The substrates obtained in Examples 1 to 4 had low storage elastic modulus, good heat cycle test results, and good withstand voltage after PCT treatment. In Comparative Examples 1 and 2, the withstand voltage after the PCT treatment was good, but since the storage elastic modulus was high, a sufficient stress relaxation effect could not be obtained and the heat cycle test result was poor.

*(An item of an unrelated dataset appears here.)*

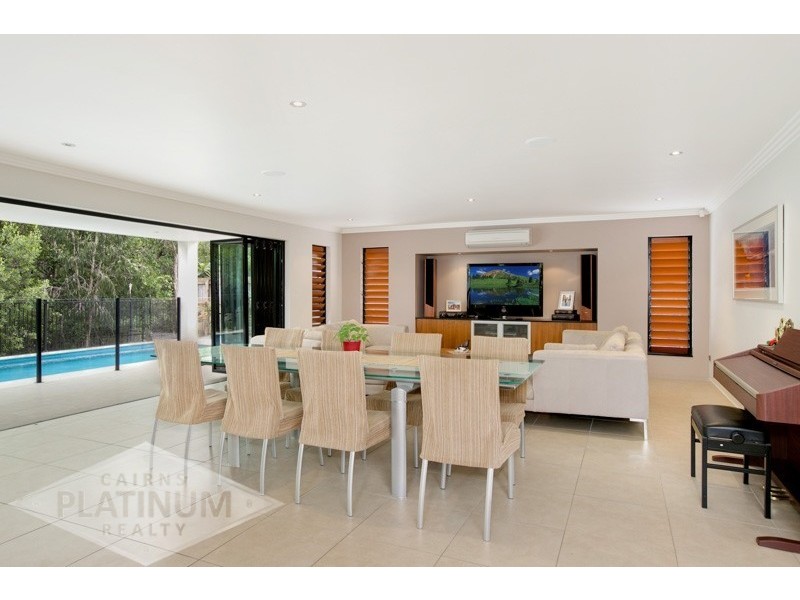 7 Icefire Quay, Trinity Park QLD 4879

Since the circuit board composition of the present invention and the circuit board using the same are excellent in stress relaxation and insulation reliability, the chip is fixed even by severe temperature changes under actual use conditions. Therefore, it is possible to provide a highly reliable hybrid integrated circuit without causing cracks in the soldered portion. Therefore, the present invention can be used in a harsh environment such as an engine room of an automobile, and is very useful industrially.

Claims (4)

(1) an epoxy resin in which the main chain has a polyether skeleton and is linear, (2) a curing agent having an aromatic ring and having two or more primary amine groups at the ends of the main chain, and (3) A circuit board composition comprising an inorganic filler as an essential component ,
And an epoxy resin having a bisphenol F type or bisphenol A type skeleton having an epoxy equivalent of less than 800 or a hydrogenated bisphenol A type epoxy resin, and
The circuit board composition, wherein the epoxy resin (1) is at least one selected from the group consisting of a polypropylene glycol type epoxy resin, a polyethylene glycol type epoxy resin, and a polytetramethylene glycol type epoxy resin . 2. The circuit board composition according to claim 1 , wherein the cured resin composition has a storage elastic modulus of 100 to 5000 MPa at 300K. Circuit board made by using the composition according to claim 1 or 2. 4. The circuit board according to claim 3 , wherein the circuit board is a metal base circuit board.